Capital Markets

Equity’s buyout of collapsed broker causes a stir at NSE


Some of the small investors who had put their money in the collapsed Francis Thuo stockbrokers demand redress at the Nairobi Stock Exchange in 2009. Photo/File

Equity Bank’s acquisition of stockbroker Francis Thuo & Partners was concluded amidst stiff resistance by other market intermediaries fearing domination and loss of business from the lender, it has emerged.

Equity, which is Kenya’s largest lender by the number of customer accounts, has been negotiating the acquisition in the past few weeks amid stiff resistance from other brokers with an interest in the bank’s stock market portfolio.

People familiar with the transaction said Equity Investment Bank, a subsidiary of Equity Bank, had acquired Francis at a price of Sh150 million.

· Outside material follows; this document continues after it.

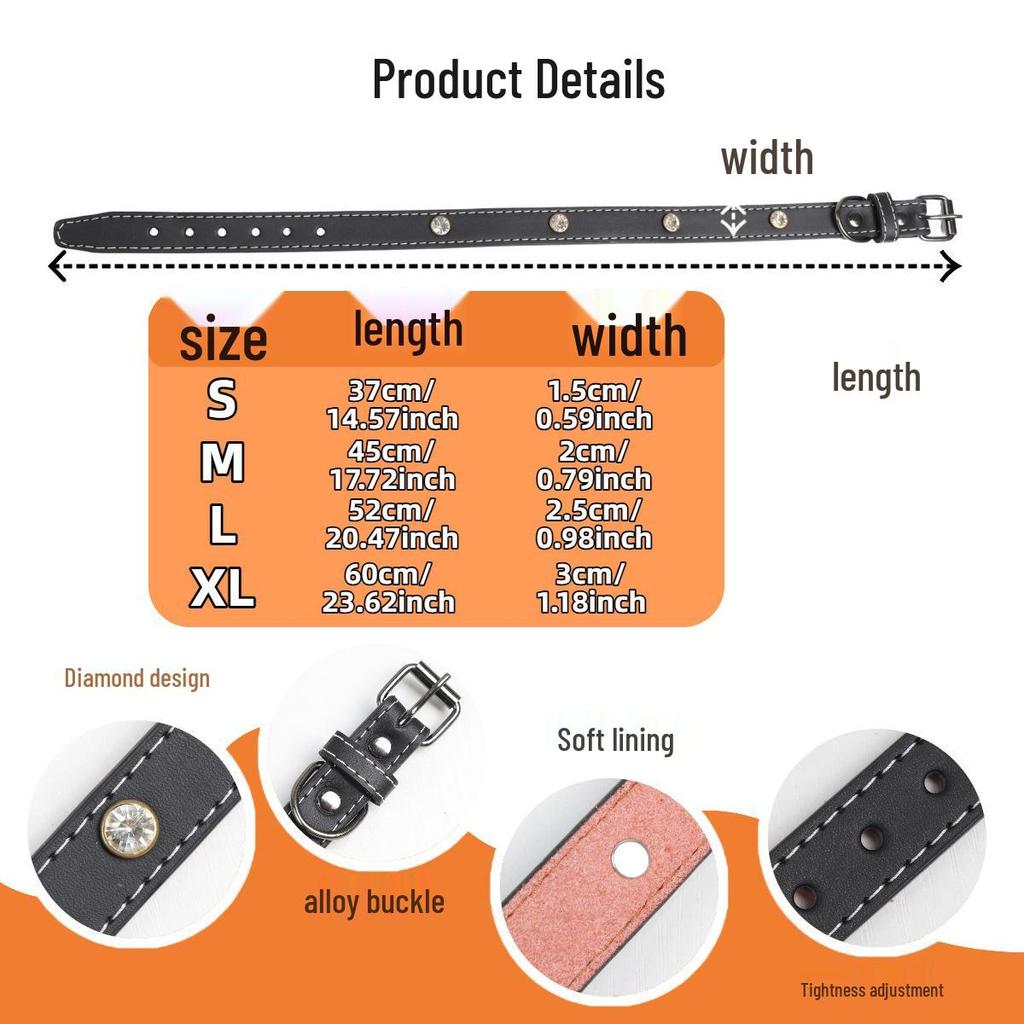 Luxury Diamond-Studded PU Leather Dog Collar - Durable & Fashionable for Outdoor Use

Commercial Bank of Africa (CBA) Capital is said to have paid a similar amount for a seat at the Nairobi bourse.

At Sh150 million, Equity’s entry to the Nairobi Securities Exchange (NSE) is Sh100 million less than the Sh250 million what Rennaissance Capital paid for a seat at the bourse at the peak of a bull run in 2007. 

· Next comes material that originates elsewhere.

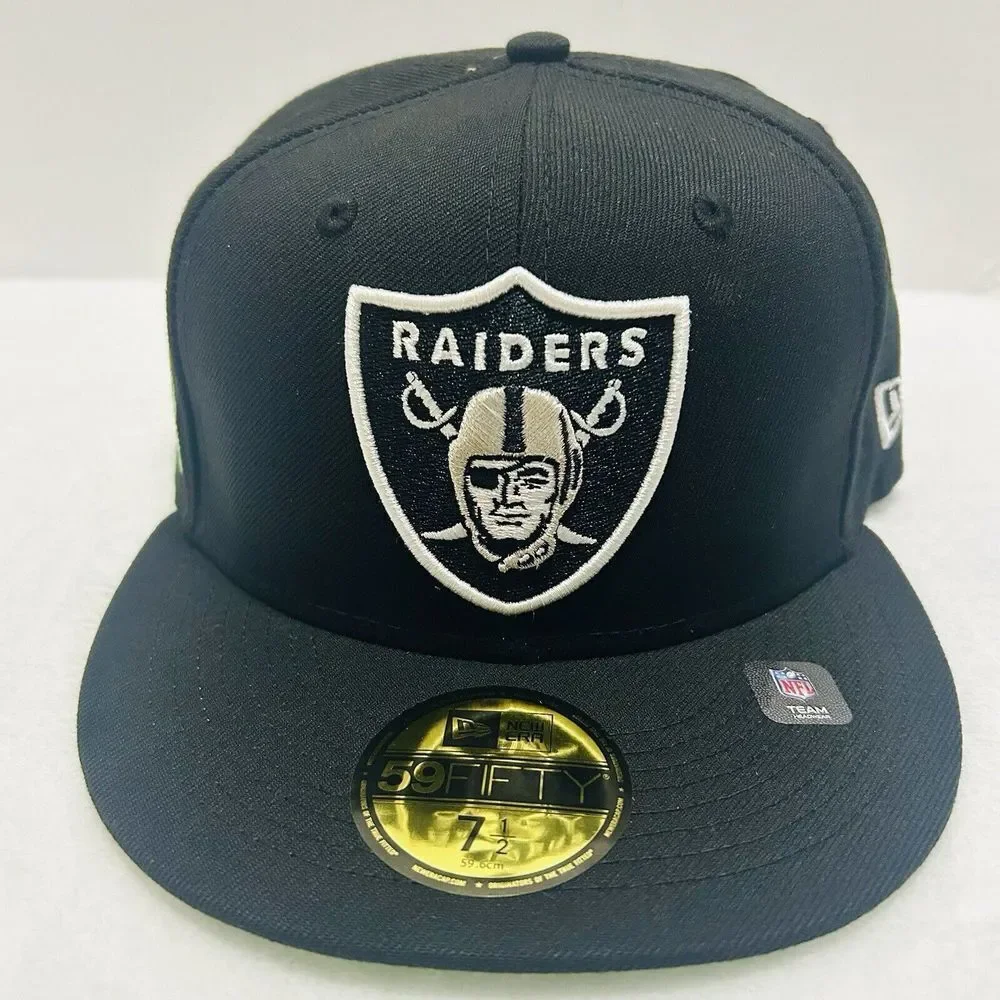 New Era Las Vegas Raiders Super Bowl 18 59FIFTY Fitted‎ Hat Cap Black Sz 7 1/2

Francis Thuo is the broker that collapsed under the weight of illiquidity in 2006 and has recently fought protracted legal battles with the NSE to retain the seat it has now sold to Equity Bank.

(READ: Defunct Francis Thuo wins battle for stake in NSE)

Equity Bank chief executive James Mwangi did not answer calls or reply to e-mail messages on the sale.

Equity’s interest in a brokerage licence is linked to its control of the largest bank customer base seen as offering it a head-start in stock market mediation.

Mike Rubia, a director at Francis Thuo & Partners, confirmed that the deal was at an advanced stage and was only awaiting certain approvals.

Mr Rubia said the owners of Francis Thuo & Partners had retained a minority stake in the brokerage – meaning Equity has only acquired a majority stake but not the entire company.

Stock market insiders, who declined to be named because of the sensitivity of the matter, said Equity’s acquisition of Francis Thuo had met stiff resistance from rival brokers who felt that Equity Bank’s branch network and customer base would give it unrivalled power in the market.

Equity’s investment arm has been an agent for four or five brokers – a multi-million shilling business that they now stand to lose.

“There was a feeling that the investment bank could become a monopoly in the market if allowed to enter the trading floor.

The NSE management is however said to have considered the market’s long term interests arguing that the bank could use its large customer base to recruit new investors for the bourse.

The brokers’ sensitivity to the sale was apparent in the NSE’s Monday statement that announced Equity’s entry into the market.

(READ: Equity’s broker licence signals shake up of stock market)

NSE vice-chair Bob Karina said the exchange had considered the mass market platforms of Equity and CBA in awarding them trading licences.

“CBA Capital intends to leverage on the M-Shwari customer base to provide local and regional access to Kenya’s capital markets,” Mr Karina said.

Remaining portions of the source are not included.